To query the data included in custom indexed fields, restrict the scope of your query to the bucket that contains the custom indexed fields and specify the appropriate log view:

gcloud

To read logs from a log bucket, use the gcloud logging read command and add a LOG_FILTER to include your indexed data:

gcloud logging read LOG_FILTER --bucket=BUCKET_ID --location=LOCATION --view=VIEW_ID

API

To read logs from a log bucket, use the entries.list method. Set resourceNames to specify the appropriate bucket and log view, and set filter select your indexed data.

For detailed information about the filtering syntax, see Logging query language.

Indexing and field types

How you configure custom field indexing can affect how logs are ingested and how queries are processed.

At ingestion time

Logging attempts to use the custom index on data that is ingested after the index was created.

Indexed fields are typed, which has implications for ingestion time. During ingestion into the log bucket, the log field is evaluated against the index type by using these rules:

  • If a field's type is the same as the index's type, then the data is added to the index verbatim.
  • If the field's type is different than the index's type, then Logging attempts to coerce it into the index's type (for example, integer to string).
    • If type coercion fails, the data isn't indexed.
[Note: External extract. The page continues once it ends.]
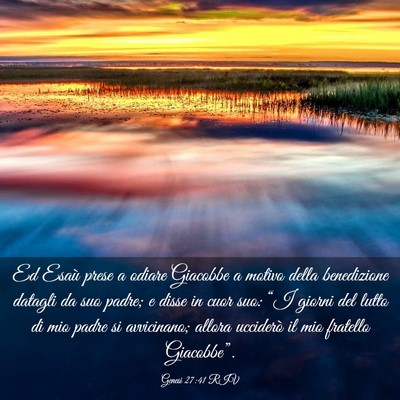 Picture 03 - Genesi 27:41 RIV - Ed Esaù prese a odiare Giacobbe a motivo della - Bible Verse Picture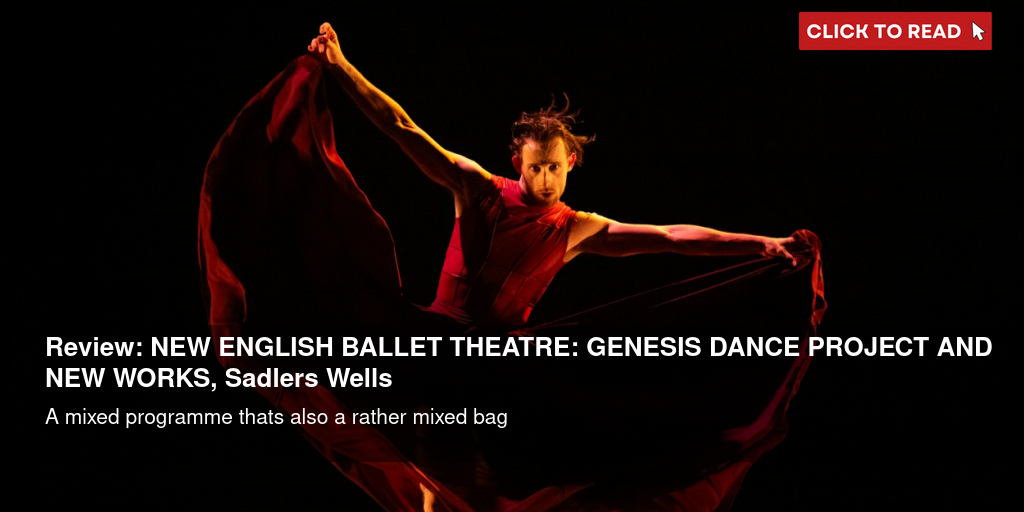 Review: NEW ENGLISH BALLET THEATRE: GENESIS DANCE PROJECT AND NEW WORKS, Sadler's Wells - Vimarsana News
When type coercion succeeds, the data is indexed.

At query time

Enabling an index on a field changes how you must query that field. By default, Logging applies filter constraints to fields based on the type of the data in each log entry that is being evaluated. When indexing is enabled, filter constraints on a field are applied based on the type of the index. Adding an index on a field imposes a schema on that field.

When a custom index is configured for a bucket, schema matching behaviors differ when both of these conditions are met:

  • The source data type for a field doesn't match the index type for that field.
  • The user applies a constraint on that field.
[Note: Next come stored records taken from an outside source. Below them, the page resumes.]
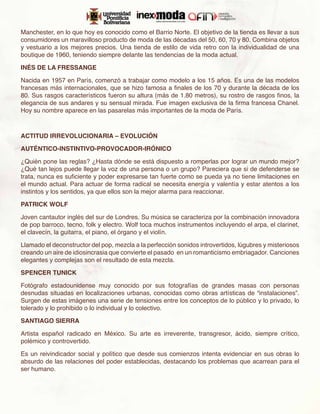 Manchester, en lo que hoy es conocido como el Barrio Norte. El objetivo de la tienda es llevar a sus
consumidores un maravilloso producto de moda de las décadas del 50, 60, 70 y 80. Combina objetos
y vestuario a los mejores precios. Una tienda de estilo de vida retro con la individualidad de una
boutique de 1960, teniendo siempre delante las tendencias de la moda actual.

INÉS DE LA FRESSANGE

Nacida en 1957 en París, comenzó a trabajar como modelo a los 15 años. Es una de las modelos
francesas más internacionales, que se hizo famosa a finales de los 70 y durante la década de los
80. Sus rasgos característicos fueron su altura (más de 1.80 metros), su rostro de rasgos finos, la
elegancia de sus andares y su sensual mirada. Fue imagen exclusiva de la firma francesa Chanel.
Hoy su nombre aparece en las pasarelas más importantes de la moda de París.



ACTITUD IRREVOLUCIONARIA – EVOLUCIÓN

AUTÉNTICO-INSTINTIVO-PROVOCADOR-IRÓNICO

¿Quién pone las reglas? ¿Hasta dónde se está dispuesto a romperlas por lograr un mundo mejor?
¿Qué tan lejos puede llegar la voz de una persona o un grupo? Pareciera que si de defenderse se
trata, nunca es suficiente y poder expresarse tan fuerte como se pueda ya no tiene limitaciones en
el mundo actual. Para actuar de forma radical se necesita energía y valentía y estar atentos a los
instintos y los sentidos, ya que ellos son la mejor alarma para reaccionar.

PATRICK WOLF

Joven cantautor inglés del sur de Londres. Su música se caracteriza por la combinación innovadora
de pop barroco, tecno, folk y electro. Wolf toca muchos instrumentos incluyendo el arpa, el clarinet,
el clavecín, la guitarra, el piano, el órgano y el violín.

Llamado el deconstructor del pop, mezcla a la perfección sonidos introvertidos, lúgubres y misteriosos
creando un aire de idiosincrasia que convierte el pasado en un romanticismo embriagador. Canciones
elegantes y complejas son el resultado de esta mezcla.

SPENCER TUNICK

Fotógrafo estadounidense muy conocido por sus fotografías de grandes masas con personas
desnudas situadas en localizaciones urbanas, conocidas como obras artísticas de “instalaciones”.
Surgen de estas imágenes una serie de tensiones entre los conceptos de lo público y lo privado, lo
tolerado y lo prohibido o lo individual y lo colectivo.

SANTIAGO SIERRA

Artista español radicado en México. Su arte es irreverente, transgresor, ácido, siempre crítico,
polémico y controvertido.

Es un reivindicador social y político que desde sus comienzos intenta evidenciar en sus obras lo
absurdo de las relaciones del poder establecidas, destacando los problemas que acarrean para el
ser humano.
 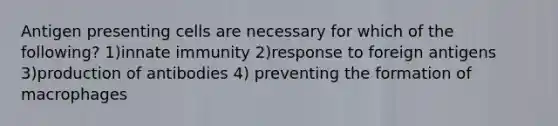 Antigen presenting cells are necessary for which of the following? 1)innate immunity 2)response to foreign antigens 3)production of antibodies 4) preventing the formation of macrophages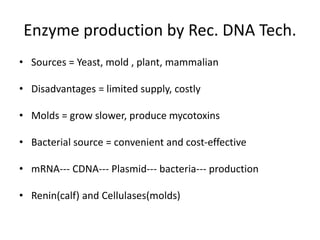 Enzyme production by Rec. DNA Tech.
• Sources = Yeast, mold , plant, mammalian
• Disadvantages = limited supply, costly
• Molds = grow slower, produce mycotoxins
• Bacterial source = convenient and cost-effective
• mRNA--- CDNA--- Plasmid--- bacteria--- production
• Renin(calf) and Cellulases(molds)
 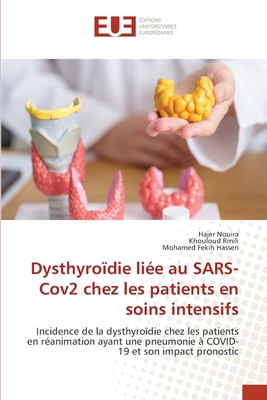 Dysthyrodie lie au SARS-Cov2 chez les patients en soins intensifs - Nouira, Hajer, and Rmili, Khouloud, and Fekih Hassen, Mohamed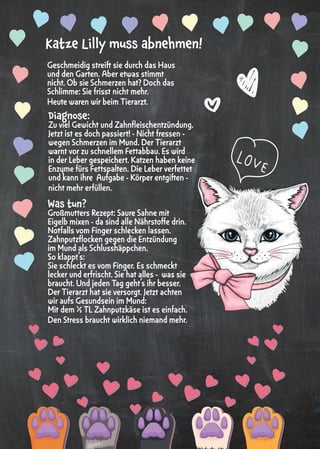 6
Geschmeidig streift sie durch das Haus
und den Garten. Aber etwas stimmt
nicht. Ob sie Schmerzen hat? Doch das
Schlimme: Sie frisst nicht mehr.
Heute waren wir beim Tierarzt.
Katze Lilly muss abnehmen!
Diagnose:
Zu viel Gewicht und Zahnfleischentzündung.
Jetzt ist es doch passiert! - Nicht fressen -
wegen Schmerzen im Mund. Der Tierarzt
warnt vor zu schnellem Fettabbau. Es wird
in der Leber gespeichert. Katzen haben keine
Enzyme fürs Fettspalten. Die Leber verfettet
und kann ihre Aufgabe - Körper entgiften -
nicht mehr erfüllen.
Was tun?
Großmutters Rezept: Saure Sahne mit
Eigelb mixen - da sind alle Nährstoffe drin.
Notfalls vom Finger schlecken lassen.
Zahnputzflocken gegen die Entzündung
im Mund als Schlusshäppchen.
So klappt‘s:
Sie schleckt es vom Finger. Es schmeckt
lecker und erfrischt. Sie hat alles - was sie
braucht. Und jeden Tag geht’s ihr besser.
Der Tierarzt hat sie versorgt. Jetzt achten
wir aufs Gesundsein im Mund:
Mit dem ½ TL Zahnputzkäse ist es einfach.
Den Stress braucht wirklich niemand mehr.
 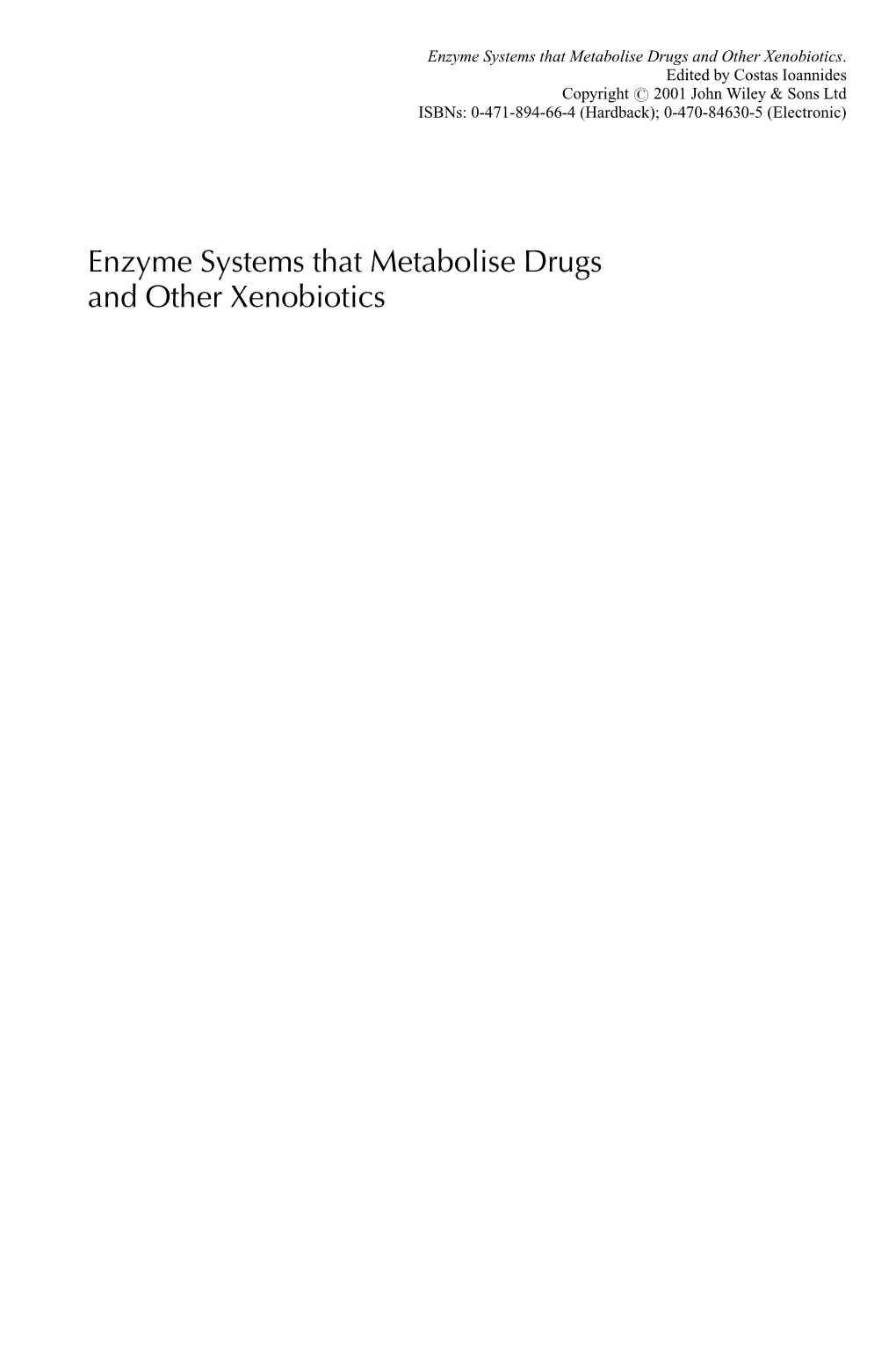 Enzyme Systems That Metabolise Drugs and Other Xenobiotics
Consider the following JSON payloads:

{"jsonPayload": {"name": "A", "value": 12345}}
{"jsonPayload": {"name": "B", "value": "3"}}

Now apply this filter to each:

jsonPayload.value > 20

If the jsonPayoad.value field lacks custom indexing, then Logging applies flexible-type matching:

  • For "A", Logging observes that the value of the "value" key is actually an integer, and that the constraint, "20", can be converted to an integer. Logging then evaluates 12345 > 20 and returns "true" because this is the case numerically.
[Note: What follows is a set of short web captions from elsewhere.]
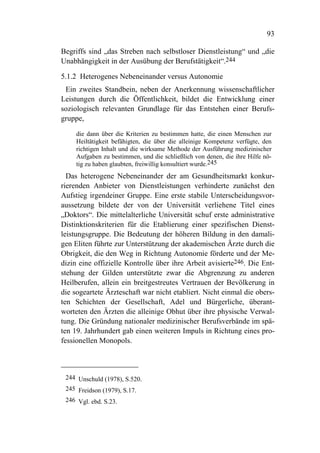 93

Begriffs sind „das Streben nach selbstloser Dienstleistung“ und „die
Unabhängigkeit in der Ausübung der Berufstätigkeit“.244

5.1.2 Heterogenes Nebeneinander versus Autonomie
 Ein zweites Standbein, neben der Anerkennung wissenschaftlicher
Leistungen durch die Öffentlichkeit, bildet die Entwicklung einer
soziologisch relevanten Grundlage für das Entstehen einer Berufs-
gruppe,

     die dann über die Kriterien zu bestimmen hatte, die einen Menschen zur
     Heiltätigkeit befähigten, die über die alleinige Kompetenz verfügte, den
     richtigen Inhalt und die wirksame Methode der Ausführung medizinischer
     Aufgaben zu bestimmen, und die schließlich von denen, die ihre Hilfe nö-
     tig zu haben glaubten, freiwillig konsultiert wurde.245
  Das heterogene Nebeneinander der am Gesundheitsmarkt konkur-
rierenden Anbieter von Dienstleistungen verhinderte zunächst den
Aufstieg irgendeiner Gruppe. Eine erste stabile Unterscheidungsvor-
aussetzung bildete der von der Universität verliehene Titel eines
„Doktors“. Die mittelalterliche Universität schuf erste administrative
Distinktionskriterien für die Etablierung einer spezifischen Dienst-
leistungsgruppe. Die Bedeutung der höheren Bildung in den damali-
gen Eliten führte zur Unterstützung der akademischen Ärzte durch die
Obrigkeit, die den Weg in Richtung Autonomie förderte und der Me-
dizin eine offizielle Kontrolle über ihre Arbeit avisierte246. Die Ent-
stehung der Gilden unterstützte zwar die Abgrenzung zu anderen
Heilberufen, allein ein breitgestreutes Vertrauen der Bevölkerung in
die sogeartete Ärzteschaft war nicht etabliert. Nicht einmal die obers-
ten Schichten der Gesellschaft, Adel und Bürgerliche, überant-
worteten den Ärzten die alleinige Obhut über ihre physische Verwal-
tung. Die Gründung nationaler medizinischer Berufsverbände im spä-
ten 19. Jahrhundert gab einen weiteren Impuls in Richtung eines pro-
fessionellen Monopols.



 244 Unschuld (1978), S.520.
 245 Freidson (1979), S.17.
 246 Vgl. ebd. S.23.
 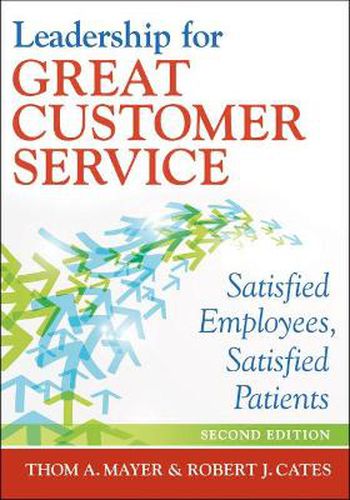 Cover image for Leadership for Great Customer Service: Satisfied Employees, Satisfied Patients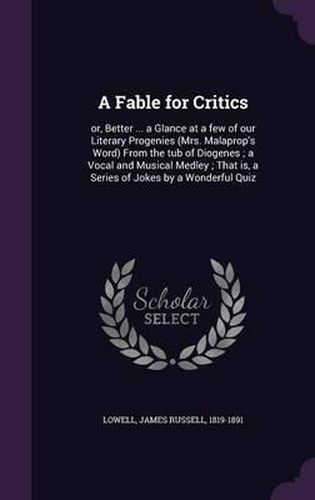 Cover image for A Fable for Critics: Or, Better ... a Glance at a Few of Our Literary Progenies (Mrs. Malaprop's Word) from the Tub of Diogenes; A Vocal and Musical Medley; That Is, a Series of Jokes by a Wonderful Quiz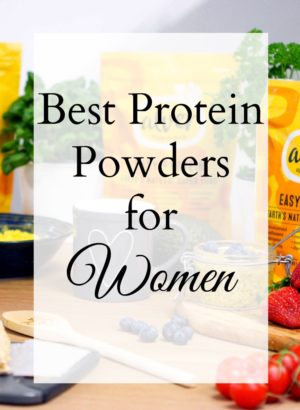 The Best Protein Powders For Women - A Fit Mom's Life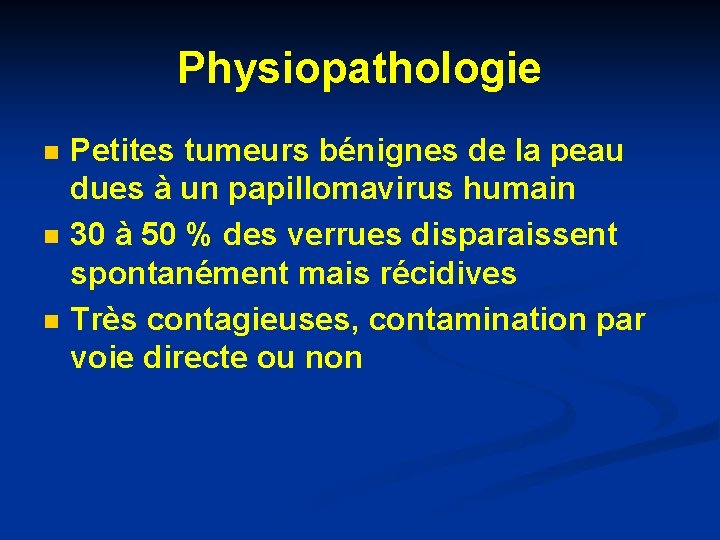 Physiopathologie n n n Petites tumeurs bénignes de la peau dues à un papillomavirus Physiopathologie n n n Petites tumeurs bénignes de la peau dues à un papillomavirus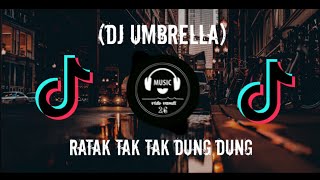 Download lagu DJ UMBRELLA RATAK TAK - TAK DUNG - DUNG VIRAL TIKTOK 2021 mp3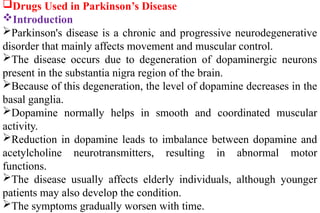 Drugs Used in Parkinson’s Disease
Introduction
Parkinson's disease is a chronic and progressive neurodegenerative
disorder that mainly affects movement and muscular control.
The disease occurs due to degeneration of dopaminergic neurons
present in the substantia nigra region of the brain.
Because of this degeneration, the level of dopamine decreases in the
basal ganglia.
Dopamine normally helps in smooth and coordinated muscular
activity.
Reduction in dopamine leads to imbalance between dopamine and
acetylcholine neurotransmitters, resulting in abnormal motor
functions.
The disease usually affects elderly individuals, although younger
patients may also develop the condition.
The symptoms gradually worsen with time.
  • For "B", Logging observes that the value of the "value" key is actually a string. It then evaluates "3" > "20" and returns "true", since this is the case alphanumerically.

If the field jsonPayload.value is included in the custom index, then Logging evaluates this constraint using the index instead of the usual Logging logic. The behavior changes:

  • If the index is string-typed, then all comparisons are string comparisons.
    • The "A" entry doesn't match, since "12345" isn't greater than "20" alphanumerically. The "B" entry matches, since the string "3" is greater than "20".
  • If the index is integer-typed, then all comparisons are integer comparisons.
    • The "B" entry doesn't match, since "3" isn't greater than "20" numerically. The "A" entry matches, since "12345" is greater than "20".

This behavior difference is subtle and should be considered when defining and using custom indexes.

Filtering edge case

For the jsonPayload.value integer-type index, suppose a string value is filtered:

jsonPayload.value = "hello"

If the query value can't be coerced to the index type, the index is ignored.

However, suppose for a string-type index, you pass an integer value:

jsonPayload.value > 50

Neither A nor B matches, as neither "12345" nor "3" is alphanumerically greater than "50".